Yetis, Ghouls, Chainmail and Swim-Chic at Day Two of Paris

Published February 28, 2013

The Devastée duo—aka Orphelie Klere and her boyfriend, François Alary—is known for its spooky, moody, graphic, chic-in-repeat cartoon patterns. From their goth beginnings in southwestern France, and 2004’s Hyères young designer competition, Devastée has turned into a lean, mean professional pattern machine. Fall/Winter 2013 was filled with black-on-white and white-on-black prints on silk, intarsia pattern sweaters, and jacquard fabric and appliqués, and also featured a new glove collaboration with traditional French gantier, Causse.

While Devastée is still an intimate company, Cédric Charlier‘s eponymous brand is growing exponentially. Produced by Italy’s Aeffe, Charlier is now one of the strongest young designers in Europe, with a collection of contrast texture-blocked pieces in stand-away fabrics; punctuated by raglan sleeves and cute, high necks with baby-doll smocking. Astrakhan, siren-yellow silks, stretch-leather sheaths, and 3-D splatter pattern wool all go into the Charlier mill and come out sleek, wearable, and refined.

Another young designer with a devoted following is Anthony Vaccarello. A magnet for young designer prizes, notably France’s ANDAM in 2011, top models love to walk in his shows. In this collection, Vaccarello played to his curvy, stud-loving public with a new twist: working fruit-loop chainmail along sleeves, pockets, and midriffs.

Julien David, also an ANDAM darling, made good use of the grant to launch an atelier in France. For Fall, David presented his first French bag, a bright leather, souped-up, pop cartoon classic pochette on a strap—the real star of his collection. Other memorable looks included Chanel-esque suits in long, hairy, matted tweed; a nod to the Yeti, the mythic beast that starred in a previous David show.

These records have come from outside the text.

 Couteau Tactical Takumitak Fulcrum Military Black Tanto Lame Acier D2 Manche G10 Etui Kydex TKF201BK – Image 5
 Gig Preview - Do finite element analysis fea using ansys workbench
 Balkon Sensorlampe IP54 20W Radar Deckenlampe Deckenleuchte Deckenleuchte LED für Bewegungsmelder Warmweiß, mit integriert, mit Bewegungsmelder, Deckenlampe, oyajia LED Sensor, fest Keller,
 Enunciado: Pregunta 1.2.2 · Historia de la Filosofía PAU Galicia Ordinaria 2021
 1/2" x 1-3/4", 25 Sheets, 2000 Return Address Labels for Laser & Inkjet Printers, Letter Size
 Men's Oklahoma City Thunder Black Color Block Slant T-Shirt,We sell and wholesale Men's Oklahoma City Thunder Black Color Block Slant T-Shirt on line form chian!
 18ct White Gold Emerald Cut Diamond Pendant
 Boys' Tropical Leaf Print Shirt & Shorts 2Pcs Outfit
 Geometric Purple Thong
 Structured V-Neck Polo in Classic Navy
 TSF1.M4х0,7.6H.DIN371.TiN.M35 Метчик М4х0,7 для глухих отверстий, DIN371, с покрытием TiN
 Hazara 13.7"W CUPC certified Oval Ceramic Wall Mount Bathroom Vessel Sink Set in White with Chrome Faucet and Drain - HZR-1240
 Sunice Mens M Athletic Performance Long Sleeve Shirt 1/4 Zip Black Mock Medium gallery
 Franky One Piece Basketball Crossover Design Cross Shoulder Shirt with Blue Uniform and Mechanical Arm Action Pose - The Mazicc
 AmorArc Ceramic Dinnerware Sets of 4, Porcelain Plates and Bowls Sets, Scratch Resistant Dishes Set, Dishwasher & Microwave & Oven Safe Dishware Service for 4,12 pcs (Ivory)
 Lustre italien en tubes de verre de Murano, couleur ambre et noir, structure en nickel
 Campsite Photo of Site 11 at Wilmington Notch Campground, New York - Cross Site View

Simon Porte is a natural. “Simple” is one of the hardest things to pull off, but Jacquemus looks like he’s having a good time doing it. Editors gladly slipped blue plastic booties over their shoes and inhaled the chlorine to catch this poolside romp at the Piscine de la Cours. Inspired by Isabelle Adjani’s baby blues, and her tender-tough 1984 rendering of “Pull Marine,” Jacquemus offered up his boxy, streamline take on sporty French tailoring.